Quante volte ci accorgiamo che i problemi nella relazione con le persone spesso nascono da fraintendimenti, comunicazione approssimativa e da poca chiarezza? Alle volte pensiamo di esserci spiegati eppure incontriamo perplessità e il dialogo diventa difficile.
In Madame Bovary Flaubert, in poche righe magistrali, scrive:
“perché nessuno mai riesce a dare l’esatta misura di ciò che pensa, di ciò che soffre, della necessità che lo incalza e la parola umana è come una pentola rotta su cui andiamo battendo melodie da far ballare gli orsi mentre vorremmo intenerire le stelle.”
Quando si parla di linguaggio immediatamente si pensa a quello tradizionale come strumento efficace, tralasciando l’importanza di tutto quello che fa parte di un linguaggio non verbale, come il tono di voce, o la posizione del corpo, le espressioni del volto e (soprattutto in Italia) del gesto.
Lo psicologo statunitense Albert Mehrabian ha osservato che in una normale comunicazione, la ricezione del messaggio (efficacia comunicativa) è data solo per il 7% dalle parole, per il 38% dai toni di voce e per il 55% dal Linguaggio non verbale.
Ne deve essere stato convinto anche Bruno Munari che negli anni ‘60 ha raccolto, fotografandoli, cinquanta gesti di uso nazionale e integrati da altri paesi e che possono essere considerati un supplemento al dizionario italiano.
Una mostra alla Libreria Ex-temporanea 121+ di Milano espone questa eccentrica raccolta di fotografie, accompagnate da didascalie esplicative.
Ne abbiamo riconosciuti la maggior parte e questo ci conferma quanto, infondo, il linguaggio dei segni pur con qualche variazione, rimanga una certezza che si tramanda!
Qui sotto alcuni di essi: Che vuoi?
le estremità delle cinque dita si riuniscono rapidamente e formano un cono col vertice in alto. La mano può restare ferma o essere scossa più o meno velocemente, secondo che la domanda sia fatta con gentilezza o con impazienza. Molto usato a Napoli.
Che peso!
La mano batte lentamente e ritmicamente sul petto e dà l’immagine di qualcosa che sta sullo stomaco. Il gesto indica noia, stanchezza per qualcosa che si sopporta a fatica.
Ti prego
Gesto supplichevole di chi vuole ottenere qualcosa che non può ottenere altrimenti.
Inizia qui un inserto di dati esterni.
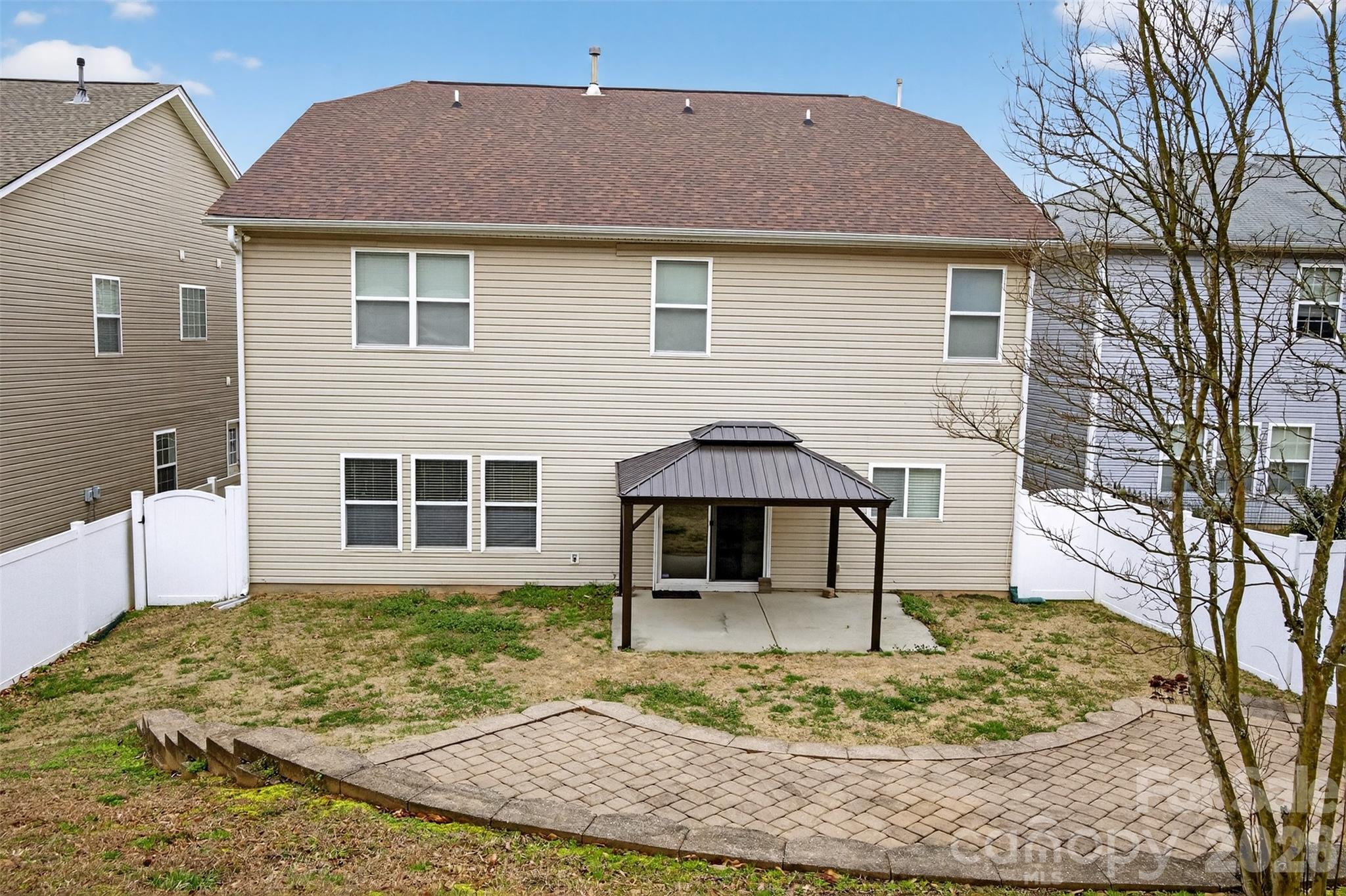 112 Colville Road — Mooresville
Dall’anno in cui è uscito questo supplemento (era il 1963), molti gesti nuovi si potrebbero aggiungere (batti il cinque, il cuore, le virgolette, quanti ve ne vengono in mente?) segno che la comunicazione è qualcosa di vivo, ha a che fare con le sfumature, con il momento storico e che non è fatta solo di parole ma anzi è arricchita dal gesto con il suo prezioso alfabeto. Non dovremmo aver paura ad usarla nella sua complessità.
Se volete visitarla, la mostra è aperta fino al 30 maggio in via Savona 17/5, libreria Ex-temporanea.
Fateci un giro!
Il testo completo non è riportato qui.